Achieving the SDGs and implementing the Paris Climate Change Agreement will require decoupling human well-being and prosperity from negative environmental impacts, e.g., greenhouse gas emissions, disruptions to the water cycle, land conversion, biodiversity loss, pollution, and other threats to ecosystem services. Decoupling is especially relevant to SDG 12: “Ensure sustainable consumption and production patterns.”

Such deep decoupling poses tremendous technical challenges to countries, as they will need to transform agriculture, industry, energy systems, transportation, cities, and other fundamental aspects of modern societies. There are few examples of deep decoupling over sustained periods of time. Some observers have argued that overall living standards might need to fall or that there may not be enough ecological space for all countries to be wealthy. This view implies that so-called planetary boundaries limit human development, particularly for developing countries (Rockström et al., 2013). We profoundly disagree. Improved technologies, efficient resource use practices, and the curbing of wasteful behaviors will allow countries to decouple human well-being and prosperity from resource use and pollution. Energy transitions already demonstrate the potential of these opportunities for decoupling (SDSN and IDDRI, 2015).

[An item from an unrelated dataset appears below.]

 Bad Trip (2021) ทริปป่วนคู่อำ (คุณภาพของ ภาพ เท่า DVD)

Yet successful transformations of energy, land-use and food systems, cities and transport infrastructure, and industry will require sustained investment strategies that must, in turn, be informed by sound metrics. Such metrics must cover all aspects of sustainable consumption and production (SCP) within a country’s border – but they must also track international spill-over effects since environmental resource use and pollution are embodied in the products and services traded between countries. Similarly, key performance indicators for companies must track the entire supply chain. While specific metrics are needed for each dimension of sustainable consumption and production, it is equally important to compare countries’ composite performance.

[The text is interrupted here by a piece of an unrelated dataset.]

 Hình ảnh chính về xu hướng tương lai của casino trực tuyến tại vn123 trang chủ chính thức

Many of the Sustainable Development Goals have existing indicators for tracking progress. For Goal 12 on sustainable consumption and production, however, not only are many indicators missing but there are no established methodologies or frameworks in most cases for understanding what progress should look like. There are some existing aggregate measures that could apply to sustainable consumption and production but suffer from one or more shortcomings:

  1. Focusing on resource use instead of environmental impact. Some measures track resource use but without linking it to environmental impact. For example, virtual water – the hidden flow of water if food or other commodities are traded from one place to another – is commonly calculated for international trade but without reference to what this means for ecosystem services in the exporting countries. As a result, metrics of resource use do not specify performance benchmarks and are therefore not useful for guiding policy toward achieving SDGs.
  2. Ignoring spillovers. Metrics of sustainable consumption and production focused on domestic resource use and pollution fail to capture important international spillover effects. International spillover effects occur when one country’s actions generate benefits or impose costs on another country that are not reflected in market prices, and therefore are not “internalized” by the actions of consumers and producers. With rapid improvements in the quality and consistency of harmonized input-output tables, such trade-based measures are becoming increasingly available.
  3. Major data gaps. In spite of rapid advances, particularly in the scientific literature, we still lack robust measures for many key dimensions of environmental impact, e.g., chemical pollution, sustainable agriculture, international fisheries, and other global commons. Some aggregate measures, such as the Global Footprint Index, are not truly comprehensive, as they mainly consider greenhouse gas emissions.
  4. Too broad. Some aggregate indices, such as the Environmental Performance Index (EPI) produced by Yale and Columbia Universities, include environmental metrics that are not directly related to environmental impacts. Examples include variables related to infrastructure investments (wastewater treatment) or policy inputs (protected areas), both of which tend to be highly correlated with per capita income. As a result, rich countries tend to score well on the EPI even as they account for a higher share of the world’s resource use and pollution, particularly if one includes international spill-over effects.
  5. Not linked to the SDGs. Finally, available measures of environmental impacts tend not to be explicitly connected to the SDGs and to time-bound objectives. This undermines efforts to integrate this important agenda fully into the goals.

As the world community continues to press forward on the SDGs, there is an urgent need to address the gaps for measuring environmental impacts and sustainable consumption and production. The danger is that stakeholders coalesce around deeply flawed approaches that provide misleading or uninformative metrics.